BERITA-COMPASNEWS.COM, Karangasem, Bali - Dalam upaya meningkatkan pemahaman hukum di kalangan personel Polri, Wakapolres Karangasem, Kompol Ruli Agus Susanto, S.H., M.H., menerima Tim Bidkum (Biro Hukum) Polda Bali untuk penyuluhan hukum yang mengangkat tema "Efektifitas Penerapan UU RI Nomor 1 Tahun 2024 dalam Mengantisipasi Tindak Pidana Melalui Medsos di Daerah Hukum Polda Bali". Acara ini digelar di Aula Kanya Badra Paramartha pada Kamis (16/5/2024).
Dipimpin oleh Kaur Luhkum Bidkum Polda Bali, Kompol I Nyoman Gatra, S.H., M.H., tim penyuluh hukum hadir bersama anggota lainnya. Sebanyak 117 peserta yang terdiri dari personel Polres Karangasem dan Polsek Jajaran turut berpartisipasi dalam acara ini.
Wakapolres Susanto dalam sambutannya menyambut baik kegiatan penyuluhan hukum ini dan mengapresiasi inisiatif Polda Bali untuk terus meningkatkan pengetahuan dan pemahaman hukum di kalangan personel Polri. Ia menekankan pentingnya penguasaan hukum bagi setiap anggota Polri dalam menjalankan tugas dan tanggung jawabnya.
"Penyuluhan hukum seperti ini sangat penting untuk memastikan bahwa setiap personel Polri memiliki pemahaman yang baik tentang peraturan dan undang-undang terkait, terutama dalam menghadapi perkembangan teknologi dan kejahatan siber yang semakin meningkat," ujar Wakapolres Susanto.
Dalam penyuluhannya, Kompol I Nyoman Gatra, S.H., M.H., menyampaikan materi tentang perubahan kedua atas UU RI No. 11 Tahun 2008 tentang Informasi dan Transaksi Elektronik. Menurutnya, perubahan undang-undang ini bertujuan untuk memperkuat penegakan hukum dalam menghadapi perkembangan teknologi informasi dan transaksi elektronik serta memberikan perlindungan yang lebih baik bagi masyarakat.
Kegiatan ini merupakan bagian dari upaya Polri untuk terus meningkatkan kapasitas dan kompetensi personelnya. Dengan pemahaman hukum yang kuat, diharapkan personel Polri dapat lebih profesional dalam melindungi masyarakat dan menegakkan hukum di era digital yang semakin kompleks.
Seiring dengan perkembangan teknologi, tantangan yang dihadapi dalam penegakan hukum pun semakin beragam. Teknologi informasi yang pesat menuntut personel Polri untuk terus meningkatkan kapasitasnya dalam menghadapi berbagai kejahatan siber. Dalam konteks ini, penyuluhan hukum menjadi salah satu langkah strategis untuk memastikan kesiapan personel dalam menghadapi tantangan tersebut.

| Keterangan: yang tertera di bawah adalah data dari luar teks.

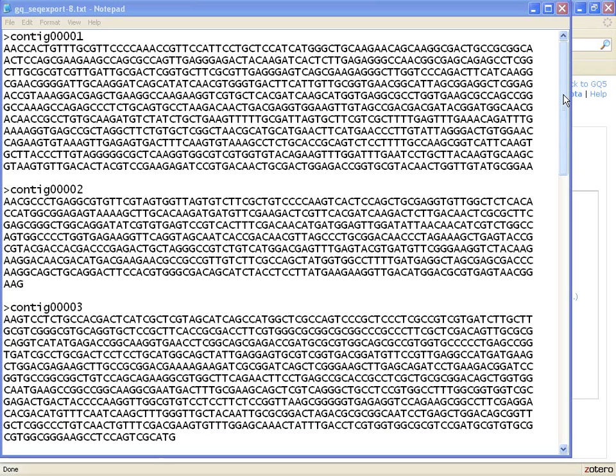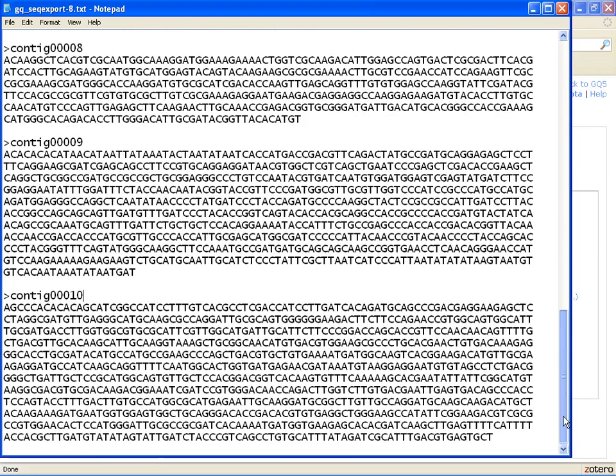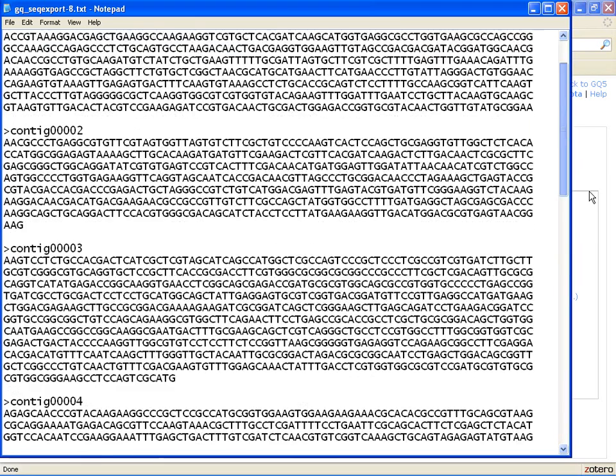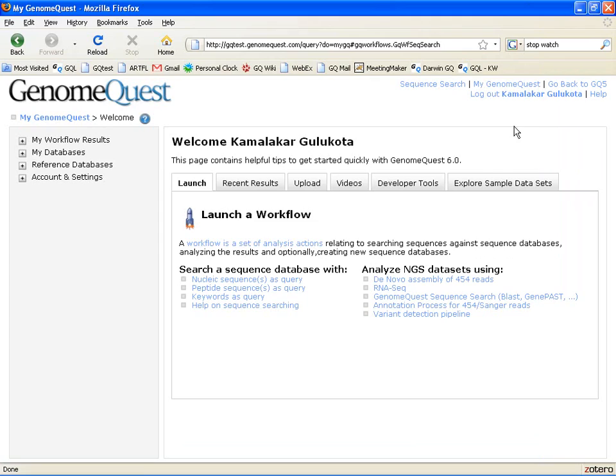Here are the 10 query sequences for which we would like to find new matches. In GenomeQuest, the way to do that is to go to the sequence search page, which is accessible from the top right as a hyperlink.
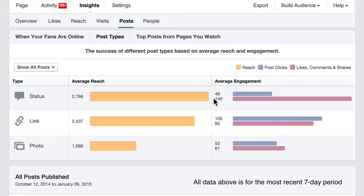Likes, comments, and shares are fundamentally different from any other click that people do on Facebook, simply because a like, comment, and share produce viral reach. When people like a post, comment on it, or share it, some of their friends see that activity — so that's viral reach. We have average engagement: clicks versus likes, comments, and shares.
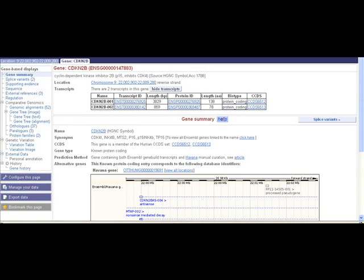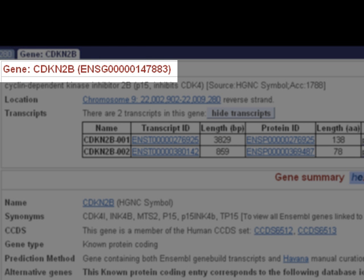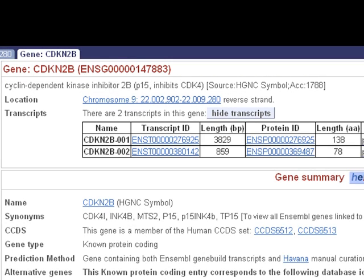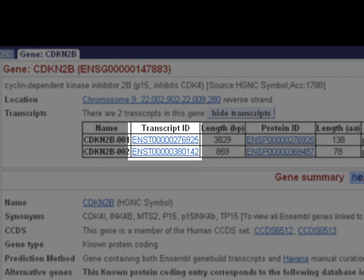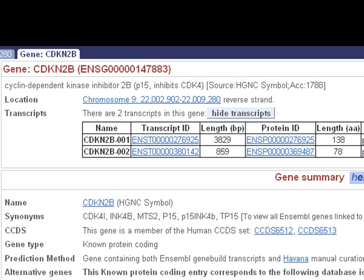The Ensembl gene identifier for this gene is ENSG50147883. This identifier is stable, meaning even if the gene is updated, the ID should remain the same. Other stable IDs in Ensembl include ENST for transcript, ENSP for protein, ENSE for exon, ENSR for regulatory feature, and ENSFM for protein families.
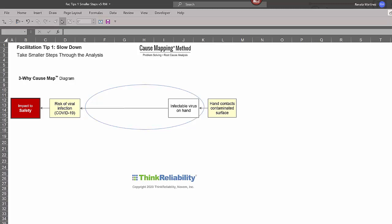So you might say, how does the hand contacting the contaminated surface lead to a risk of viral infection? And one might explain that's because the infectable virus will get on the hand. How does the infectable virus on the hand increase your risk of viral infection? Again, one might explain,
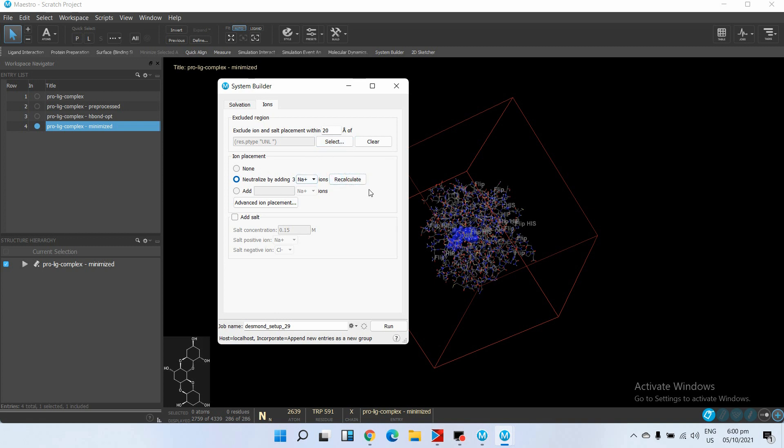Then just click on Recalculate. In order to neutralize the protein we have to add some positive ions. And then to mimic the physiological environment we just add 0.15 molar of sodium chloride.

Lebih lanjut, kegiatan ini juga bertujuan untuk membangun kesadaran dan pemahaman yang mendalam tentang pentingnya penerapan hukum yang efektif. Dengan adanya penyuluhan hukum secara berkala, diharapkan seluruh personel Polri dapat menjalankan tugasnya dengan lebih baik dan profesional, serta mampu memberikan pelayanan yang optimal kepada masyarakat.
Kompol I Nyoman Gatra, S.H., M.H., juga menekankan bahwa perlindungan hukum tidak hanya berlaku bagi masyarakat, tetapi juga bagi personel Polri sendiri. Dengan memahami dan menerapkan hukum dengan benar, personel Polri dapat terhindar dari berbagai masalah hukum yang mungkin timbul dalam pelaksanaan tugasnya.
Pada akhir acara, Wakapolres Susanto mengajak seluruh peserta untuk terus belajar dan mengembangkan diri.
"Mari kita tingkatkan pengetahuan dan keterampilan kita, agar kita dapat menjalankan tugas dengan lebih baik dan memberikan pelayanan yang terbaik bagi masyarakat," tutupnya.
Acara penyuluhan hukum ini diharapkan dapat menjadi momentum bagi seluruh personel Polri di wilayah Polda Bali untuk terus berinovasi dan beradaptasi dengan perkembangan zaman, sehingga dapat selalu siap dalam menghadapi berbagai tantangan ke depan.